The trivia master revealed recently that there was one key to winning on the classic game show and it made all the difference to his incredible run on the program.

Brad Rutter on Ken Jennings’ incredible Greatest Player Of All Time win

Ken Jennings, winner of 'Jeopardy!' Greatest Of All Time trophy 2020
Ken Jennings, winner of ‘Jeopardy!’ Greatest Of All Time trophy 2020 | Eric McCandless/ABC via Getty Images

Jennings won the game show’s Greatest Of All Time title earlier this year in Jan. 2020. The tournament brought together Jennings, Brad Rutter, and James Holzhauer to compete for the ultimate title in the game show’s history.
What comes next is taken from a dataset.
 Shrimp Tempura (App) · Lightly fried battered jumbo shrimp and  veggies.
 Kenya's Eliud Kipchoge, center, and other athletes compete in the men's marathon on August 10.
Rutter told USA Today at that time, speaking of Jennings, “That was the best I’ve ever seen him play and, quite honestly, the best I’ve ever seen anyone play. That Daily Double last night about ‘The Rose Tattoo,’ having to do with characters from Tennessee Williams’, like, ninth most famous play. What can you say? I’m always impressed with him, but this was sort of one step beyond.”

Ken Jennings used to be embarrassed about being a trivia whiz

A Jeopardy! champion isn’t born. According to Jennings, it requires years of simple curiosity, reading, and learning, an accumulation of information. The father of two explained to Interview in Feb. 2020 the downside of being known as the smart kid growing up.

Ken Jennings on 'The Tonight Show with Jay Leno', 2004
Ken Jennings on ‘The Tonight Show with Jay Leno’, 2004 | Kevin Winter/Getty Images

“I’m self-aware enough that I realized it wasn’t cool to know everything or to appear to know everything or to be pedantic. It’s really a personality trait that I find unappealing in others. So, I really try to dial it down.”

Jennings, who quit his job as a software manager after his big win, recalled feeling shy about being known as such a trivia buff in his younger days. Since then, he admits, he’s gotten over it in a big way.

“I kind of spent my whole life in the closet,” he confessed, “as far as not feeling comfortable being a trivia person because it seems a little bit embarrassing. If nothing else, winning that first time on Jeopardy! kind of busted me out of that closet, and I’m most famous for being a trivia geek no matter what else I do now.”

Ken Jennings says this is the secret to winning ‘Jeopardy!’

Smarts help, a lot, in winning at Jeopardy! A huge part of the game, however, according to Jennings, is the buzzer. If contestants don’t know their way around the buzzer, they could lose even if they know all the answers.

Jennings explained at the MIT Sloan Sports Analytics Conference held in Mar. 2020 his strategy of learning the timing of the buzzer.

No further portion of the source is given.